'They told me about the party and I came'

Avaşîn was a place for Çiya Amed to seek vengeance from the enemy and pay a price. He had his name written in the blues of Avaşîn after fighting non-stop.

In his face, he had an expression that was a blend of rage and joy. At the same time, it's calm like the break up of clouds...

His name was Barış (Peace). His mother, longing for her homeland, picked this name for her son to carry out this mission.

He was born and raised in Amed, and it was there that he got to know the party that drew him into the struggle. He once recounted his first interactions with the party as follows:

“When I started school, the paradoxes began. We couldn't speak in our mother tongue. I was coming home, speaking one language, going to school and speaking another... No matter how many times I wanted to join the guerrilla, my friends would always say, 'you are too young’.

However, no matter how young we were, the enemy was torturing us.
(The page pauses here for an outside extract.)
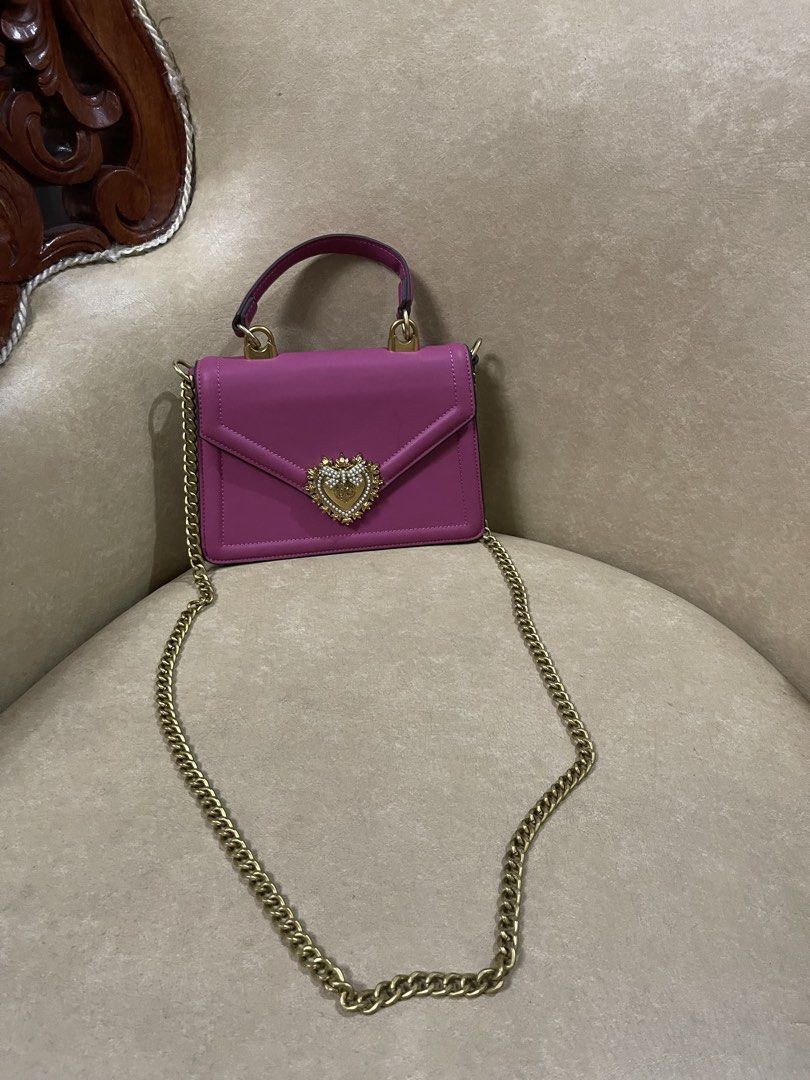 Dolce and Gabbana Devotion Top Handle Bag (Category: Luxury Bags & Wallets) located in San Jacinto. Submitted by lovedbylou.ph (Listing ID 1469090559, Image 2). Description: •vibrant fuchsia/dark pink calfskin leather •negotiable.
In fact, it was more aimed at us little ones, torturing us. Why should I put up with the enemy's tortures? How can I continue to exist in a system that is not mine, that does not recognize my presence, and progressively lose myself? With these thoughts in mind, I decided to join the guerrillas...”
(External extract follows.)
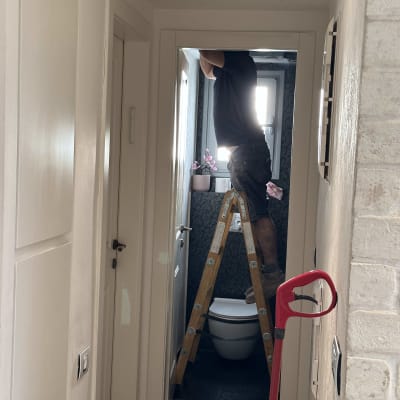 אדם על סולם מתקן מיזוג אוויר בתקרה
While telling of his participation in the guerrilla struggle, he was revealing the realities of the the Kurds and the peoples of Kurdistan in Turkey in the most basic terms, in all their nakedness. The main reason for his participation was his inability to speak the language that reflects his identity and to live in the culture that represents his own existence. Every day, Çiya faced the very truth that this order had to change, and that he had to forge his own path first with his own hands. Çiya was moulded by the boldness, courage, and honesty of youth. His life was touched and shaken by the guerrilla's stance.


He continues: “When they told me about the party, I came. The guerrilla's existence was an expression of my own reality. That was the life I desired. There was discussion of living a righteous, war-won life. The guerrilla's labor in life, the people's approach to the guerrilla, the guerrilla's respect for the people, and the price they paid for the people rendered even death meaningful. Ours is an act of defiance against a whole system. Those who gave their lives so that we could live free, the PKK's ideology, and Leader Öcalan’s years of struggle would leave one indebted.”

The simplest expression of his clarity is “They told me about this party, and I came.” It contains the clearest answer to all of the world's inconsistencies.


With his military training, Çiya became a professional guerrilla. He stood upright, adding the seriousness, openness, and discipline of the military position to his honest and fearless stance. He moved to the Avaşîn area to obtain practical experience. He wanted to go to the Zagros to witness and learn about the regions, hardships, and heroism that shaped the Zagros guerrilla epic. He did not pause as he walked. He became more connected as he got to know more, and he became more professional as he got more connected. He marched on the enemy without cooling down his vigor or weakening his wrist. He faced the guerrilla's challenges, the harshness of winter, and the coolness of summer.

He had his name written in Avaşin’s Blues

On July 1, 2020, he went on a mission with a group of friends to the Hill Xwedê and Hill Flag area in Avaşîn, one of the places where Zagros lends nature its blues. This was the spot where he could inflict vengeance on his opponent and pay the price. After fighting non-stop, he had his name written in the blues of Avaşîn.